Gender played a big role too—women were expected (by themselves and by brands) to be happier than men to work for free/for “exposure.” Plus, lifestyle bloggers had to negotiate the complicated, gendered relationship between “realness” and “selling out”—their audiences weren’t all that tolerant of the bloggers getting paid (contrary to some more male-dominated spaces such as videogame vloggers).

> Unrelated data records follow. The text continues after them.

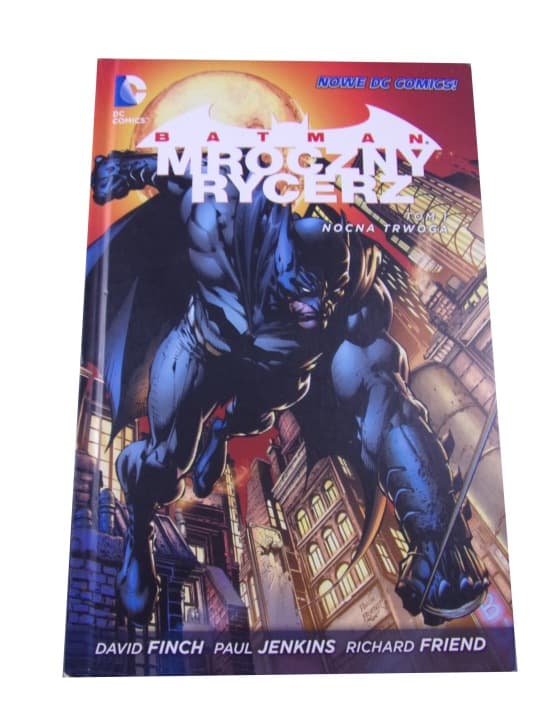 Batman Mroczny Rycerz 1. Nocna Trwoga wydanie I 2014 r. – zdjęcie 1 z 7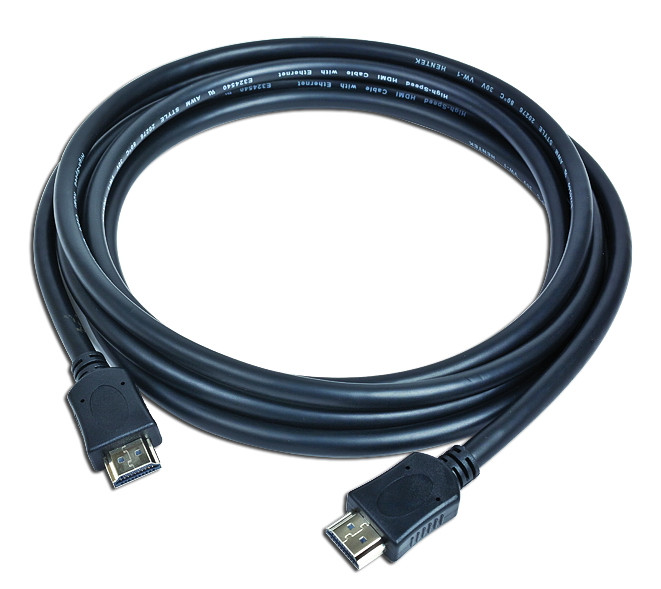 Кабель HDMI to HDMI 4.5 m Cablexpert CC-HDMI4-15 V. 1.4 позол. коннект. 4.5 м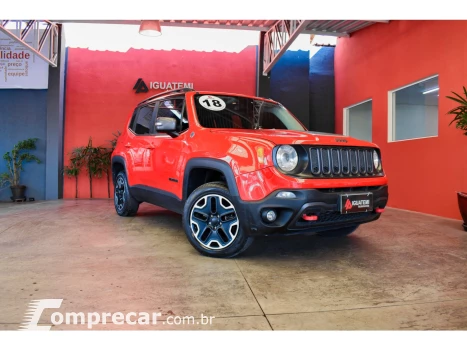 JEEP RENEGADE 2.0 16V TURBO DIESEL TRAILHAWK 4P 4X4 AUTOMÁTICO 4 portas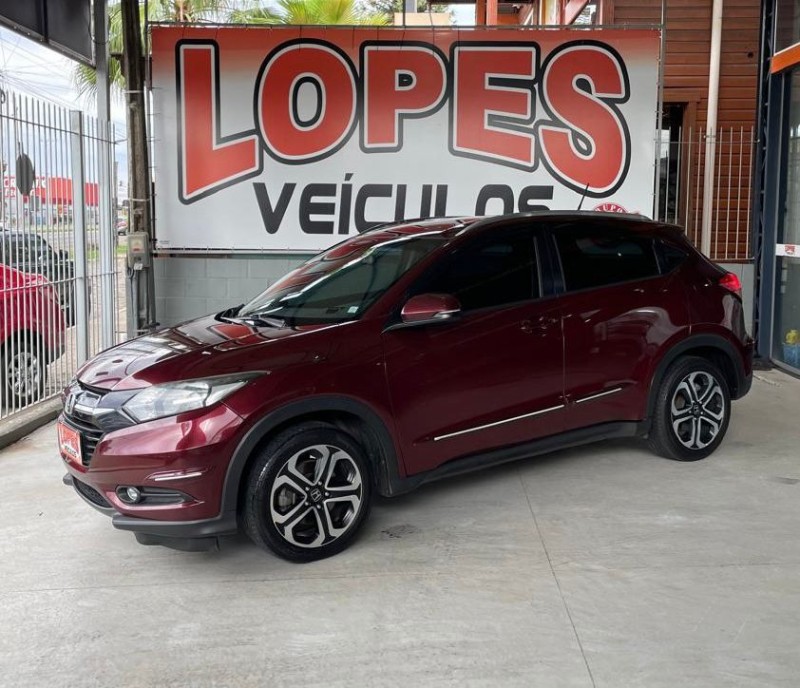 HR-V 1.8 16V FLEX EX 4P AUTOMÁTICO - 2016 - PORTãO
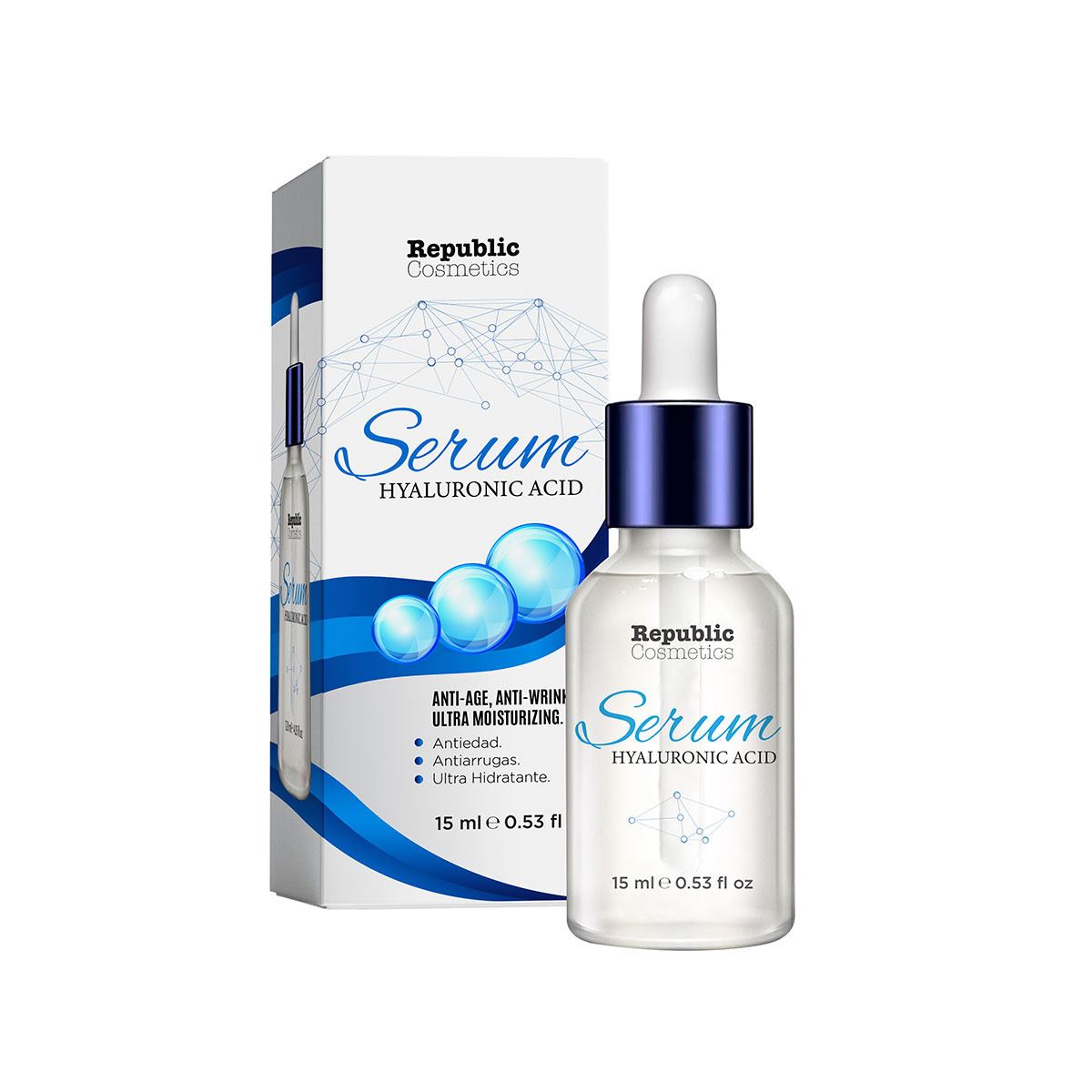 Suero de Ácido Hialurónico 15 ml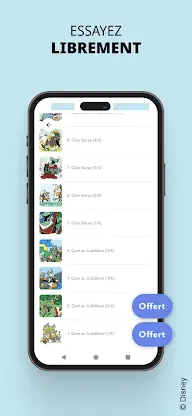 Ducktoon - Webtoon & BD Disney screenshot 5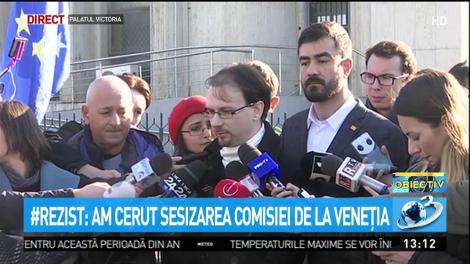 #Rezist: Cerem demiterea ministrului Justiției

And brand owners apparently tried to exercise more control over female bloggers/vloggers in terms of content than they did over men—discussions of mental health and cursing were taboo.

The supposed freedom of freelancing also meant being “always on,” always producing content—Duffy describes it as exchanging temporal flexibility for spatial flexibility (working from home), though these days many other kinds of workers have also lost temporal flexibility. “But aspirational labot has succeeded in one important way; it has glamorized work just when it is becoming more labor-intensive, individualized, and precarious.” Duffy ends by pointing to the ways in which most academics are aspirational laborers too—entering a market glutted with others like them in which few succeed, advised to cultivate a social media presence, expected to produce content that catches eyes, told they’re lucky to be able to do what they love (and accept low pay because they love it).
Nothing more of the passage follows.